The Future of Scalia’s Originalism

Speculation about Justice Antonin Scalia’s legacy has quickly gravitated to the staying power of his originalist approach to constitutional interpretation. Whether it will ...

Speculation about Justice Antonin Scalia’s legacy has quickly gravitated to the staying power of his originalist approach to constitutional interpretation. Whether it will long outlive him is hard to predict, however, because that approach itself is so hard to pin down. An interpretive method that offers to make sense of the Constitution by looking at the text’s original meaning, Scalia’s originalism nevertheless treats some aspects of textual meaning as so self-evident that no historical inquiry is required.
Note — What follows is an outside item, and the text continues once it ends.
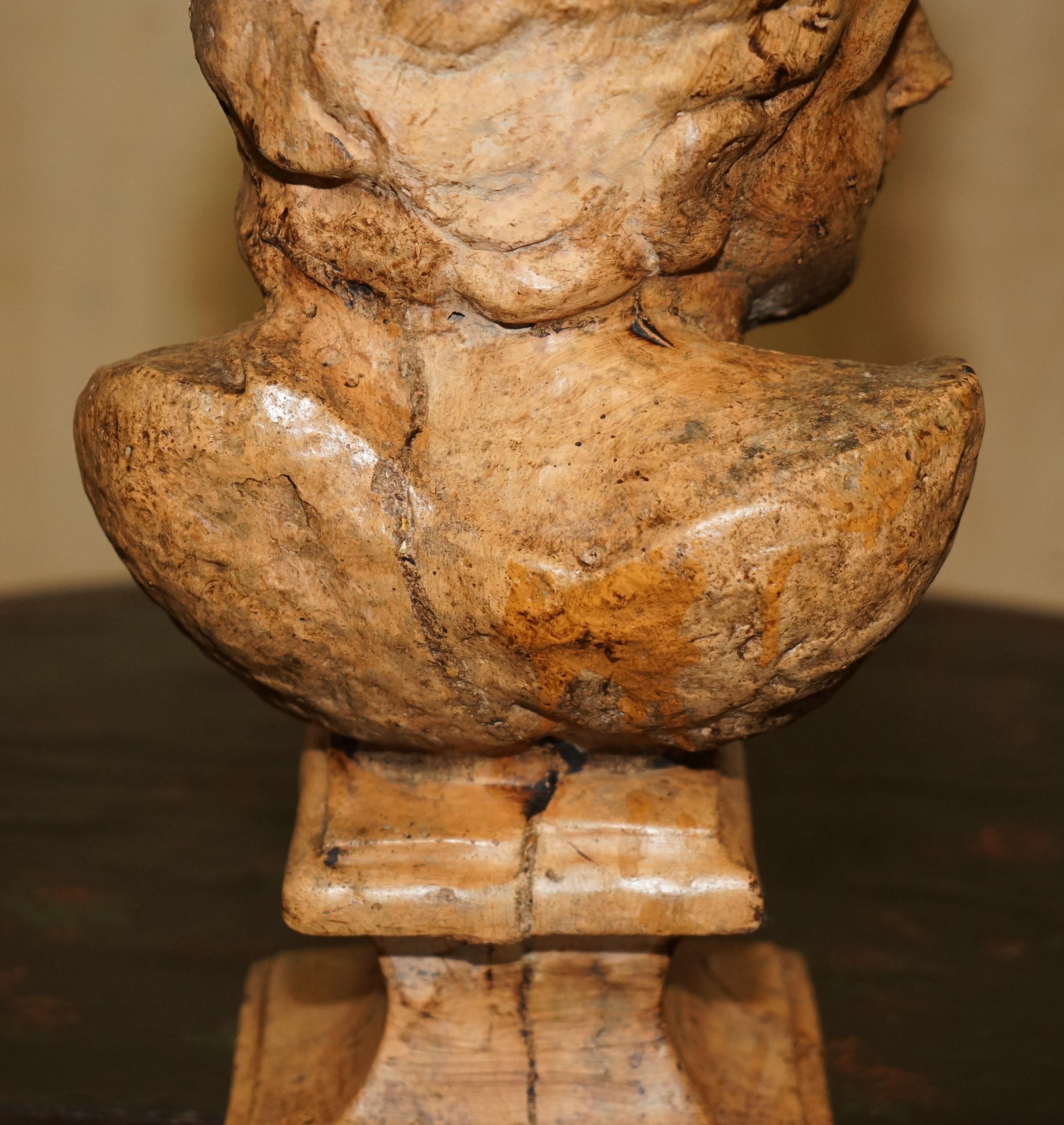 DECORATIVE ANTIQUE WEATHERED CiRCA 1900 TERRACOTTA CLASSICAL BUST OF HERCULES For Sale 3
Scalia’s remarks about his free speech jurisprudence point to some of the incoherencies in his theory. His commitment to originalism, he once explained, led him to rule that flag burning was a form of protected speech in spite of his distaste for the defendant’s conduct. But, as one of my teachers in law school observed, no one takes an originalist view of the First Amendment: the speech protections we now take for granted did not become core guarantees until the early 20th century.

Scalia presented originalism as a restrained approach to constitutional interpretation that looked to the objective meaning of the Constitution’s language. The aim was to prevent judges from drawing on contemporary social norms or inferring underlying values from the text, both of which Scalia regarded as ways of applying the judge’s own preferences. By relying on the meaning the words had at the time they were written, judges would avoid the dangers of these subjective approaches and instead adhere to a democratically legitimate role.

It took Scalia some time to arrive at this version of originalism. He contrasted it against the theory of “original intent,” which urges that judges look to the founders’ own understanding of their words. That theory has provoked widespread criticism because it raises so many difficulties about how to get at the evidence of intention. It also raises problems for the populist disposition that Scalia affected, since the evidence might lie in various niches that are not readily accessible to the public (such as historical archives). He developed “public meaning” originalism as the answer to these problems: by looking to the understanding of “ordinary citizens in the founding generation,” judges could fulfill their responsibilities in a democratically legitimate fashion while also limiting themselves to more publicly available sources. Where the text alone did not resolve the question, one could resort to other legal texts and dictionaries from the era when the provision was drafted.

If the turn to “public meaning” represents a defense of populist values, however, it does so by assuming away some of the historical details that are meant to justify this approach. Consider the majority opinion in District of Columbia v. Heller, in which Scalia ruled that the Second Amendment protects individual rights to gun ownership. He arrived at that view by treating the grammatical question at the center of dispute as a matter of common sense rather than one requiring historical inquiry.

Scalia’s method is one that even an intelligent high school student can wield effectively, turning the historical inquiry into a matter of common sense.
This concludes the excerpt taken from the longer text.